Oaks produce distinctive fruits called acorns, which botanically are each a nut with a “cap” produced by a fused cluster of modified leaves called bracts.  There are two major groups of oaks in the eastern U.S.  Members of the red/black oak group have sharp-pointed leaf lobes that often end in a small, cylindrical projections.  These species, which in our area include the red oak, black oak, and pin oak, have acorns that are slower to mature and that usually have bracts that are flattened, making the cap relatively smooth.  Members of the white oak group have rounded leaf lobes and and acorns with roughened caps due to their corky bracts.  In addition to white oak, bur oak and swamp white oak are common species in this group found in our area.  Victory Park is a great place to see large trees of all of these species!

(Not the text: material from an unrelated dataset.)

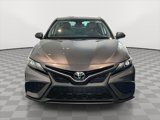 Used 2022 Toyota Camry SE image 2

Like other oaks in our area, white oak typically flowers in late April and early May, with both “male” and “female” flowers found on the same tree.  The “male” flowers are in dangling narrow clusters called catkins, which fall off and clog many a eavestrough.  The “female” flowers, which are located in small clusters in the upper angles between the  leaves and twigs, persist to form the acorns.  They are surrounded by numerous tiny bracts that become the “cap.”

The lumber is economically valuable.  Classic mission-style furniture is made from quarter-sawn white oak.  Like our our other oaks, the acorns are beloved by Albion’s squirrels and blue-jays.  Because the acorns have relatively low tannic acid content, Native Americans traditionally washed them and ground them into flour.